Eine Liste gibts meines Wissens nicht, aber wenn du im Netz nach infos zu den einezelnen Fischen suchst, findest du meist auch die Lebenserwartung.
Kannst ja selber ne Liste zusammenstellen und hier posten!


----------



## Momo-M (20. Aug. 2012)

*AW: Lebenserwartung von Teichfischen*

Hallo quellfuchs,

das hab ich auch schon versucht, aber es stehen oft verschiedene Angaben oder garkeine dabei. zB über Goldofen hab ich zur Lebenserwartung nichts gefunden, obwohl ich die letzten Tage jeden Abend gesucht habe.
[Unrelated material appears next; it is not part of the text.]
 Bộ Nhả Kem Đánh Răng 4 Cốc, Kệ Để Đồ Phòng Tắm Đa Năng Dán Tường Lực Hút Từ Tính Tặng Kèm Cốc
Und bei den Shubunkins hab ich eine Lebenserwartung von 10 Jahren gefunden in einem anderen Forum fand ich dann einen Bericht über einen der fast 20 sein soll.

Deswegen dachte ich ich frage einfach mal ob es da Erfahrungen gibt...


----------



## Joerg (20. Aug. 2012)

*AW: Lebenserwartung von Teichfischen*

Monique,
wenn die Haltungsbedingungen stimmen sollten schon über 10 Jahre drin sein.
Meist ensteht Stress durch die Umgebung oder es werden Medikamente eingesetzt, die die Lebenserwartung verkürzen.


----------



## bekamax (21. Aug. 2012)

*AW: Lebenserwartung von Teichfischen*

Hallo Monique,

das ist ja mal eine gute Idee, hier Infos zusammenzusammeln! Ich kann ja leider noch nicht wirklich viel beitragen, außer dass __ Moderlieschen doch erheblich älter werden können als oft beschrieben.
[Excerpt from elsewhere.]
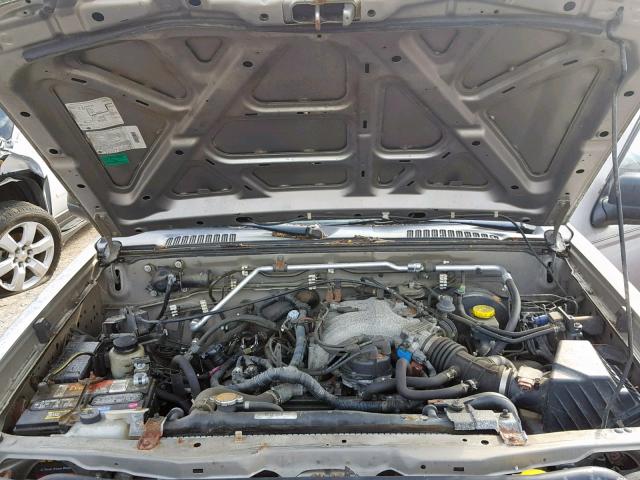 1N6ED29Y74C434870 - 2004 NISSAN FRONTIER C SILVER photo 7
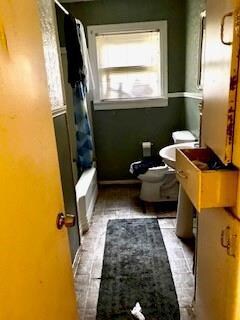 1107 S Howeth St, Gainesville, TX 76240 - photo 3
Moderlieschen sollen ja nur 2-3 Jahre alt werden. Unser Teich ist jetzt im 4. Jahr, und wir haben noch Moderlieschen drinnen, die wir damals gekauft haben. Allerdings kann ich nicht sagen, wie alt sie damals schon waren. Sie waren aber jedenfalls schon sehr groß; größer als die ältesten eigenen Nachzuchten jetzt sind. 
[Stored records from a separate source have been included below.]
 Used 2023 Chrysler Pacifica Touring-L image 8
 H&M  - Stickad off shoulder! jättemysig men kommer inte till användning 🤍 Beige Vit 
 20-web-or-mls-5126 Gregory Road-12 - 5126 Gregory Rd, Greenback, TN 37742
Hier im Forum wurde über Moderlieschen auch schon ähnliches berichtet.

GlG
Karin


----------



## DbSam (21. Aug. 2012)

*AW: Lebenserwartung von Teichfischen*

Hallo Monique,


ich kann nur Auskunft/Erfahrungswerte über Goldfische geben.
Die 3 ältesten meiner Teichbewohner schwimmen seit 1997 in meinem Teich herum und sind daher also bereits 16 (oder 17?) Jahre alt.

Man findet auch viele Seiten im Netz. 
Eine lesenswerte Seite ist z.B. diese hier. Hier wird von einem ungefähren Durchschnittsalter von 25 Jahren ausgegangen.


Da der __ Shubunkin sehr eng verwandt mit den Goldfischen ist, gehe ich davon aus, dass diese eine ähnliche Lebenswerwartung haben.
(Oberflächlich betrachtet, ist 'Shubunkin' auch nur ein anderer Name für __ Goldfisch, ausgehend von seiner abweichenden Färbung (schwarze Flecke, wenig Glanzschuppen, verschiedene Farben).)



Gruß Carsten


----------



## Knoblauchkröte (21. Aug. 2012)

*AW: Lebenserwartung von Teichfischen*

Hi Momo,

Goldfische (__ Shubunkin ist nur ne andere Farbform) werden bei guter Haltung jedenfalls locker 20-25 Jahre alt (einer der ältesten nachgewiesenen wurde 37 Jahre alt)

Orfen werden in der Natur 10-12Jahre, im Teich leicht doppelt so alt (wenn der Teich groß genug ist)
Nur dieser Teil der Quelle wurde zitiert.